How Financial Broker Leader Leveraged RisingWave Streaming Database to Build Feature Store for Fraud Detection
With RisingWave in place, engineers no longer need to navigate between different systems to maintain data pipelines. Debugging streaming queries has become remarkably straightforward, thanks to the accessibility of all the materialized views created inside.
Company A is an American financial service company that offers commission-free trading of stocks, ETFs, options, and cryptocurrencies, making investing accessible to a broad audience. With a substantial user base that spans across the globe, Company A has solidified its position as a leading fintech innovator. Through its sleek and intuitive platform, it empowers users to invest in a wide array of assets, including stocks, ETFs, options, and cryptocurrencies, all without the burden of traditional brokerage fees. As a forward-thinking and disruptive force in finance, Company A continues to shape the future of wealth creation, making it an enticing prospect for investors seeking a transformative investment experience.
Use Case and History
Company A is dedicated to combating fraud and minimizing risk to ensure the safety of its platform. To achieve this, Company A has harnessed the power of machine learning technologies for fraud detection, utilizing various types of signals. To streamline and standardize the feature engineering process, its infrastructure team has established an internal feature store. This feature store facilitates easier access, reuse, and deployment of features for both training and inference in machine learning models by data scientists and machine learning engineers.
The infrastructure team has undergone several phases in the development of its feature store platform:
- Iteration 1: Initially, they swiftly adopted a popular open-source feature store. They chose this solution to expedite the platform's delivery, allowing data scientists to easily harness it for machine learning application development.
- Iteration 2: However, after using the open-source feature store for some time, they encountered various issues, including resource-intensive usage due to its JVM-based nature, extended bootstrapping times, limited debugging capabilities within the Java processes, and uncertainty regarding the project's maintenance and future direction. Consequently, they decided to take matters into their own hands and build custom components.

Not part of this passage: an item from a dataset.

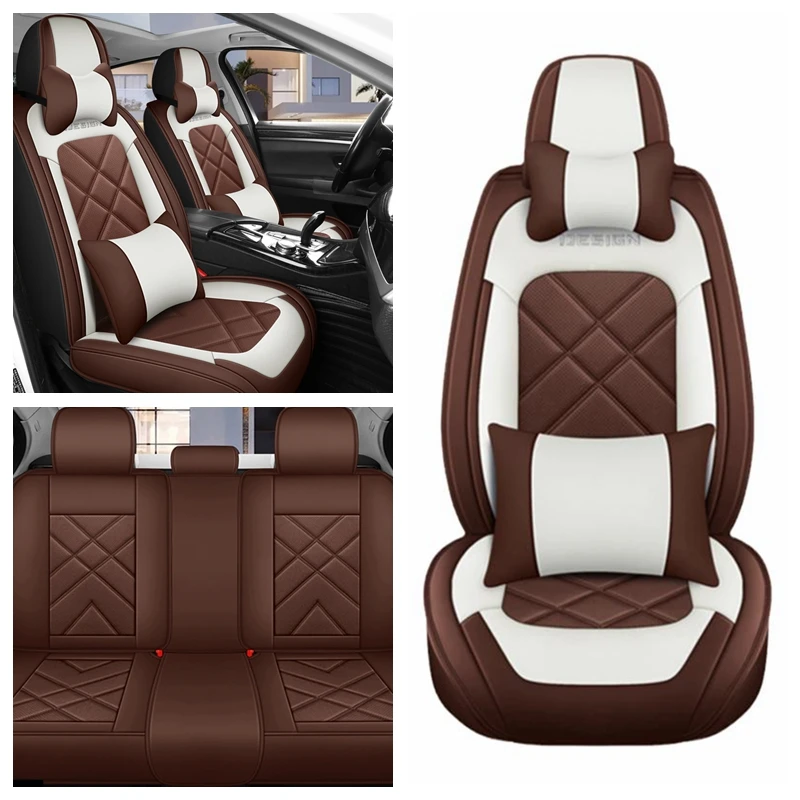 

Front+Rear Car Seat Cover for Honda City 2018 City Civic Fit Great Wall Hover C20R C30 C50 C70 M2 M6 H1 H2 H3 H4 H5 H6 H7 H8 H9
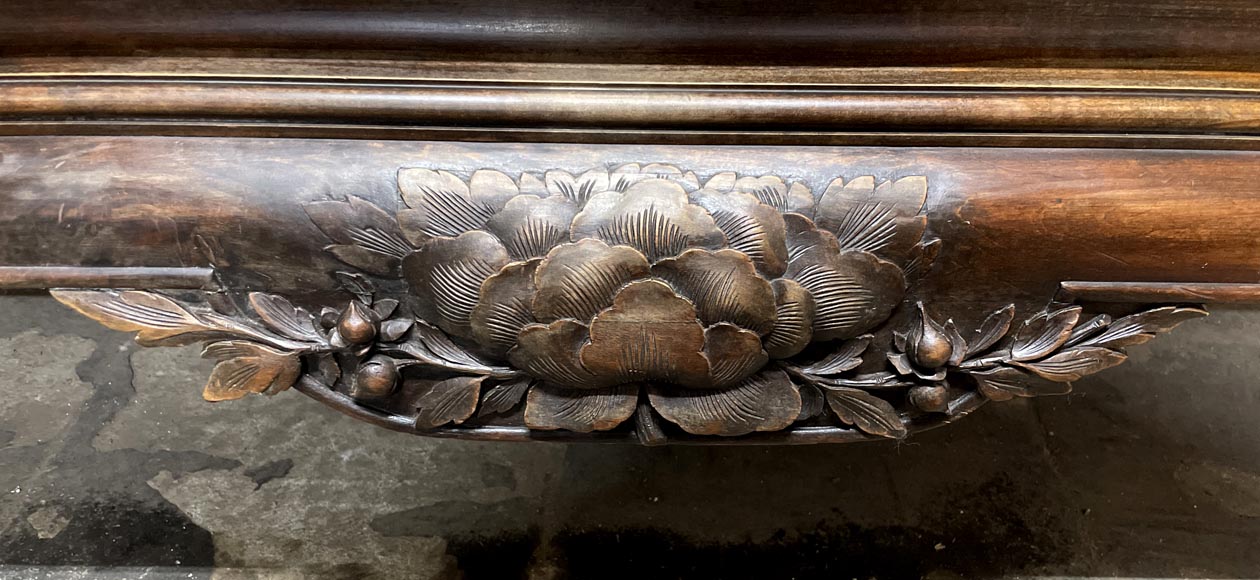 DAÏ NIPPON, Japanese-style cabinet with mother-of-pearl marquetry-7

- Iteration 3: In pursuit of improved stability, the team opted to redesign and reconstruct the feature store platform using standard open-source technologies. This redesign involved leveraging several systems, such as Apache Spark for batch feature transformation, Apache Flink for processing streaming feature transformation, Apache Kafka as a buffer in the data source and between Flink jobs, and DynamoDB for serving features. By harnessing these open-source software solutions, the team delivered a dependable feature store that could scale to meet the needs of data scientists.
While the current feature store functions adequately, there are some notable pain points, particularly within the streaming pipeline:
- Learning Curve: Learning and using Flink proves to be quite challenging. Notably, very few engineers in the team had prior experience with Apache Flink, necessitating them to learn the system from scratch.
- Debugging Difficulty: Debugging Flink jobs presents a significant challenge. A primary reason for this difficulty is that Flink does not provide easy access into its internal states, leaving users unaware of what occurs within a streaming job.
- Complex Data Stack: The team must simultaneously manage both Flink and Kafka. A typical pipeline demands that a Flink job deliver results to a Kafka topic for further consumption by downstream Flink jobs. For example, when calculating a feature, users might initially compute a pre-aggregation using Flink, send the pre-aggregated results to Kafka, and then create another Flink job to further aggregate these results and generate the final outcome. This pipeline can become excessively lengthy, challenging to debug, and may introduce consistency issues if a particular component experiences a failure.
In response to the challenges outlined above, the infrastructure team embarked on a quest to find solutions that could address these issues. RisingWave emerged as a compelling option for several compelling reasons:
- Familiarity and Flexibility: RisingWave's compatibility with PostgreSQL offers developers the flexibility to construct applications using one of the most widely used SQL variants. This compatibility also facilitates seamless integration with the existing ecosystem, allowing for smooth interaction with third-party business intelligence tools and client libraries.
- Queryable Materialized Views: RisingWave's materialized views function much like tables, not only persisting data but also enabling ad-hoc queries. This means that users can directly query results stored in materialized views in a consistent manner, simplifying the verification of program correctness.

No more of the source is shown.